There are already numerous examples of card firms, banks and credit unions tying the popularity of mobile phones and location-based shopping to programs designed to get financial customers to use their products for mobile commerce.

Zil Bareisis, a senior analyst at Celent, also says the introduction of mobile loyalty programs makes the game more complex for IT departments charged with making sure the programs work.

"Loyalty is easier to do in the online environment," he says. "But with mobile at the point of sale, you can have sales agents at a merchant's location walking around to approach consumers, or the consumers walking around with their mobile devices," he says. "So you are almost starting to replicate the online shopping environment, only since it's with mobile phones the merchant is much closer to the customer, where decisions can be made more instantly."

Aron says these new loyalty programs will increase the need to capture more data faster, and tie that data to a personalized offer via quick analysis. Since most institutions still can't afford to replace their entire core system, the key to making mobile-enabled coupon and loyalty programs work consistently will be strong middleware. "You're talking about the orchestration [of the new marketing programs] and the trigger mechanism of the offer," he says. "The skills required here include the ability to integrate multiple systems…you can't just plug and play."

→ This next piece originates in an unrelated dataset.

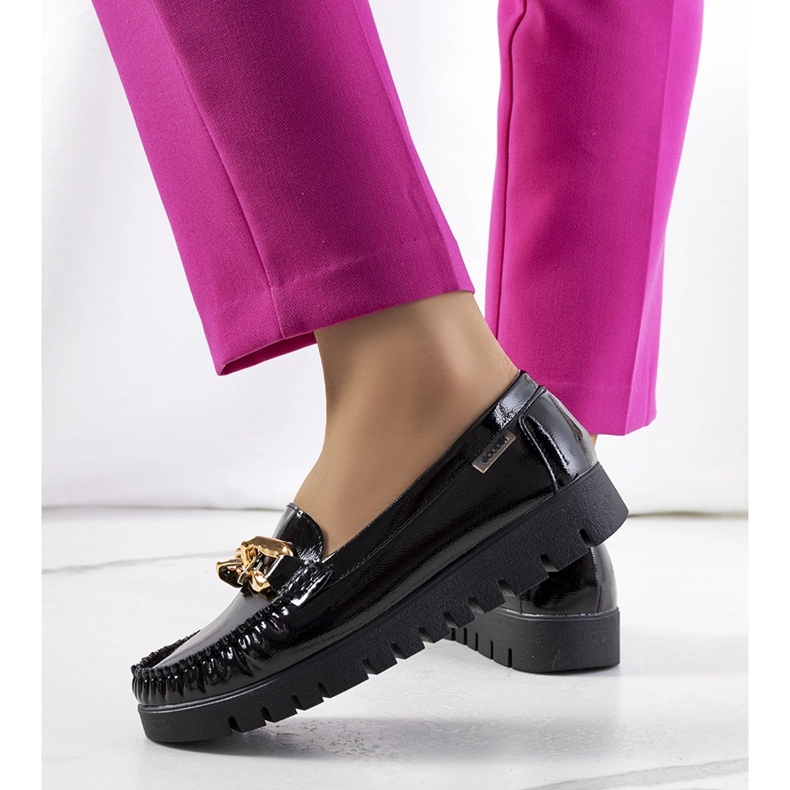 Svarta loafers på Travessa-plattformen 1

For example, American Express's Smart Offers API program, lets consumers link a card account to their profile on a social media site such as Facebook or Foursquare. Then they can redeem special offers automatically by "loading" the offers to their American Express Card within the app and using the card at the merchant location. The American Express APIs also enable notifications, so when enrolled cardmembers use their American Express card to pay, they will receive a message indicating that a statement credit will be issued. A product like this requires quick coordination between the platforms that manage the cardholder's account, the user's identity authentication, and the merchant's transaction systems.

"American Express built the Smart Offer APIs to enable merchants to easily and effectively measure the success of their location-based marketing efforts and to offer tailored specials to card members without investing time and money in training staff to decipher a coupon code or process a coupon-based offer," says Dave Wolf, vp of global business & market development for American Express. Wolf did not offer specific details on how maintenance and performance of the enabling technology are managed to ensure access, saying the maintenance is managed across the firm's business units and with its digital partners. "In digital and especially mobile, the simplicity and non-clunkiness of the user experience is key."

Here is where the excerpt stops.